The formula is as follows :
n = ceil(m / (-k / log(1 - exp(log(p) / k))))
p = pow(1 - exp(-k / (m / n)), k)
m = ceil((n * log(p)) / log(1 / pow(2, log(2))))
k = round((m / n) * log(2))
The following two parameters m and k From the above two parameters n and p To calculate the , You can calculate by yourself , You can also enter the first two values on the relevant website and calculate the last two values :

k individual hash function
Among the above calculation results ,k=23 , In practice, , We won't really choose 23 individual hash function , It's a double hash To simulate 23 individual hash function :
// Mining ⽤⼀ individual hash function , to hash Pass on different species ⼦ Offset value
// #define MIX_UINT64(v) ((uint32_t)((v>>32)^(v)))
uint64_t hash1 = MurmurHash2_x64(key, len, Seed);
uint64_t hash2 = MurmurHash2_x64(key, len, MIX_UINT64(hash1));
for (i = 0; i < k; i++) // k yes hash Number of functions
{
Pos[i] = (hash1 + i*hash2) % m; // m It's a bitmap ⼤⼩
}
边栏推荐
- Hit the industry directly! The propeller launched the industry's first model selection tool
- yolov5detect. Py comment
- Create an interactive experience of popular games, and learn about the real-time voice of paileyun unity
- sysdig分析容器系统调用
- MFC文件操作
- TypeError: Cannot read properties of undefined (reading ***)
- CADD course learning (4) -- obtaining proteins without crystal structure (Swiss model)
- cocospods 的使用
- 论文的英文文献在哪找(除了知网)?
- FRP reverse proxy +msf get shell
猜你喜欢

Digital twin smart factory develops digital twin factory solutions

Open source | Wenxin big model Ernie tiny lightweight technology, which is accurate and fast, and the effect is fully open

TypeError: Cannot read properties of undefined (reading ***)

How do educators find foreign language references?

The privatization deployment of SaaS services is the most efficient | cloud efficiency engineer points north

QT 如何将数据导出成PDF文件(QPdfWriter 使用指南)

Happy Lantern Festival, how many of these technical lantern riddles can you guess correctly?

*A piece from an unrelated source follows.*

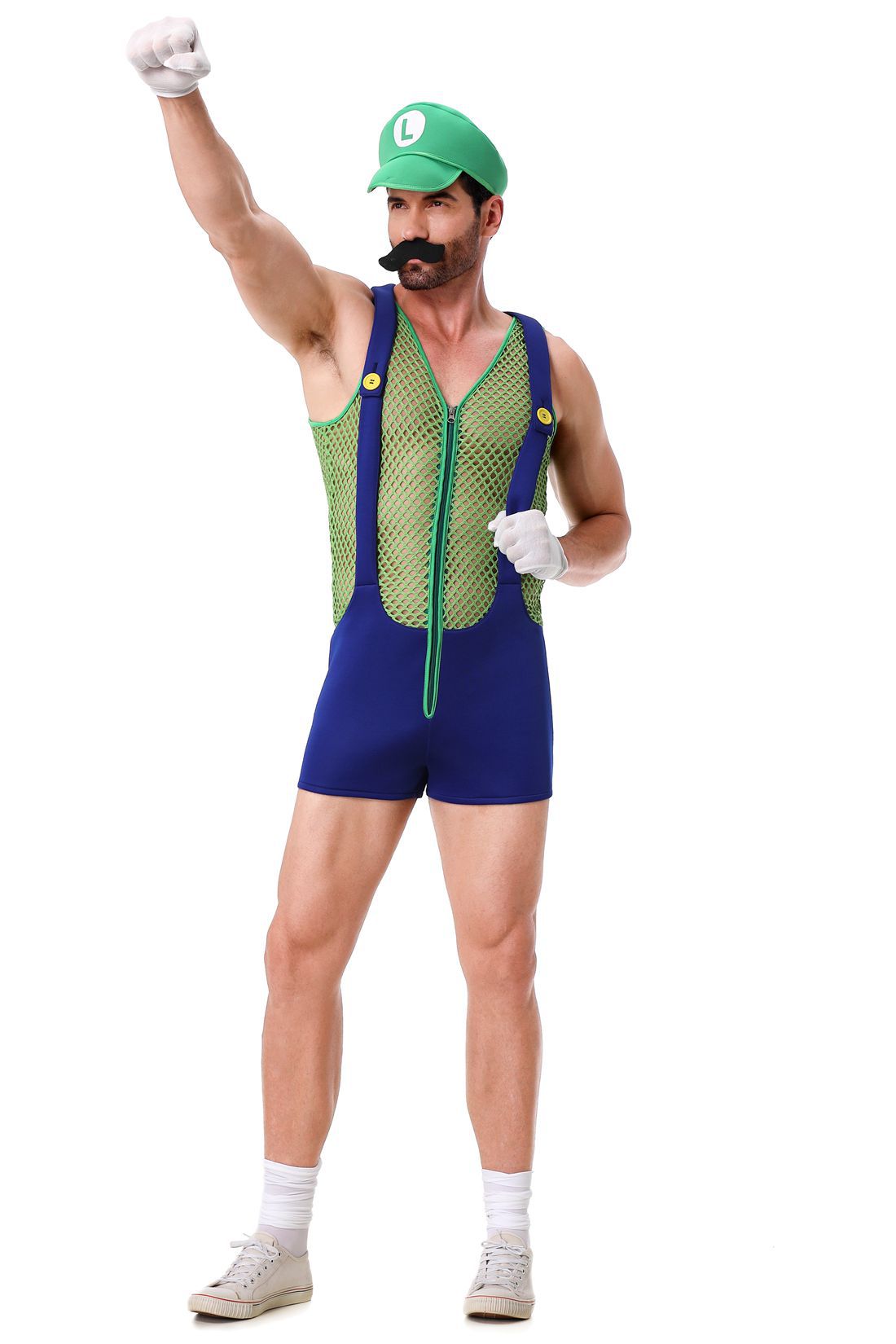Halloween Adult Costumes European and American New Cosplay Mesh Jumpsuit European and American Men's Uniforms Performance Costumes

Architecture: load balancing

35页危化品安全管理平台解决方案2022版

Seckill system design
随机推荐
開源了 | 文心大模型ERNIE-Tiny輕量化技術,又准又快,效果全開
95页智慧教育解决方案2022
返回二叉树中最大的二叉搜索子树的大小
Installing redis under Linux
Where can I check the foreign literature of economics?
SQL query statement parameters are written successfully
来自数砖大佬的 130页 PPT 深入介绍 Apache Spark 3.2 & 3.3 新功能
[OJ] intersection of two arrays (set, hash mapping...)
Leetcode DP three step problem
Container runtime analysis
Create an interactive experience of popular games, and learn about the real-time voice of paileyun unity
The privatization deployment of SaaS services is the most efficient | cloud efficiency engineer points north
开源了 | 文心大模型ERNIE-Tiny轻量化技术,又准又快,效果全开
写论文可以去哪些网站搜索参考文献?
Bigder:32/100 测试发现的bug开发认为不是bug怎么处理
Luogu_ P1149 [noip2008 improvement group] matchstick equation_ Enumeration and tabulation
经济学外文文献在哪查?
JVM foundation review
In February 2022, the ranking list of domestic databases: oceanbase regained its popularity with "three consecutive increases", and gaussdb is expected to achieve the largest increase this month
What is the standard format of a 2000-3000 word essay for college students' classroom homework?